Our time in central Sydney and the surrounding stunning harbour (which we secretly preferred) drew to a close on Friday last week. The three days staying between Rose Bay and Bondi had gone all too quickly but our charming hosts, Ezri and Liz, invited us to join them, and some other friends, for a meal. As they both follow the Jewish faith, we knew it was a very special time of the week for them and felt both honoured but also curious about the traditions, food, blessings.
Sabbath, or Shabbat, commences at sunset on Friday evening. So as the sun went down the hive of activity in the kitchen that had been going on most of the afternoon came to a close. A Shabbat candle was lit with a blessing for peace in the home and wider world. From this point onwards, followers of the Jewish faith should refrain from 39 prohibited activities. These are mostly based around work activity, ie not lighting a flame, not sewing but the strangest of which is not making 2 loops (maybe weaving?). These prohibited things include use of technology – so no phones, no flames to cook by, no TV just time to concentrate on the family and the day of rest. Jon had Ezri’s phone thrust at him at one point to answer on his behalf. He coped remarkably well explaining to the caller who he was and why he spoke funny. All this abstaining continues until sunset on the Saturday.

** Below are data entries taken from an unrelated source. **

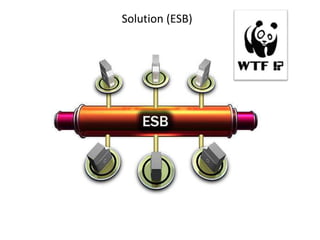 Solution (ESB)
 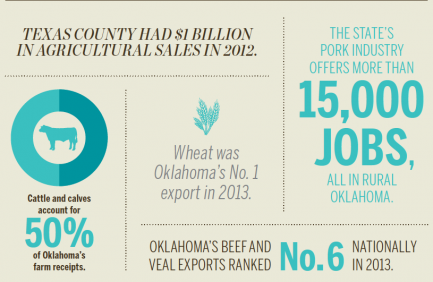 Oklahoma Top Ag Commodities [INFOGRAPHIC]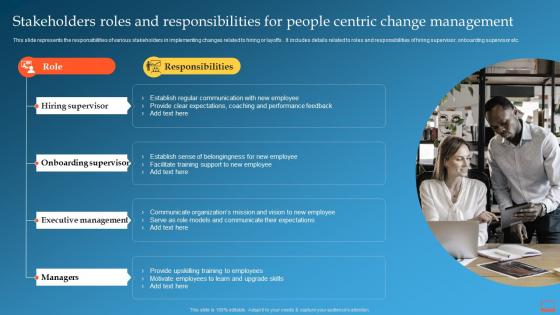 Stakeholders Roles And Responsibilities For People Centric Change Management Training Plan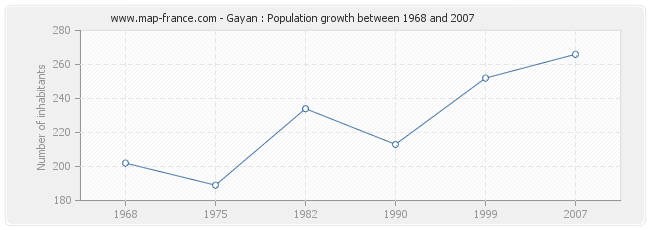 Population Gayan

We were joined by Liz’s two Columbian friends, Milana and Luce. Milana was with her German boyfriend, Chris from Hamburg and Luce was with her Australian boyfriend, Liam. After an initial blessing and the blessing of the wine and bread all in Hebrew, we enjoyed a kosha feast prepared by Ezri and Liz. I think part of the philosophy behind the large quantities is that the leftovers can be eaten throughout the day on the Saturday so no prepartion is required. They very kindly said it was OK for Jon and I to introduce some non kosha wine and beer to the table and even our phones to take a photo as a memory of the occasion…….
Jon was even handed a selfie stick which caused a lot of humour as he hates them with a passion, or should he say he hates the mostly incompetent users. Another first for him.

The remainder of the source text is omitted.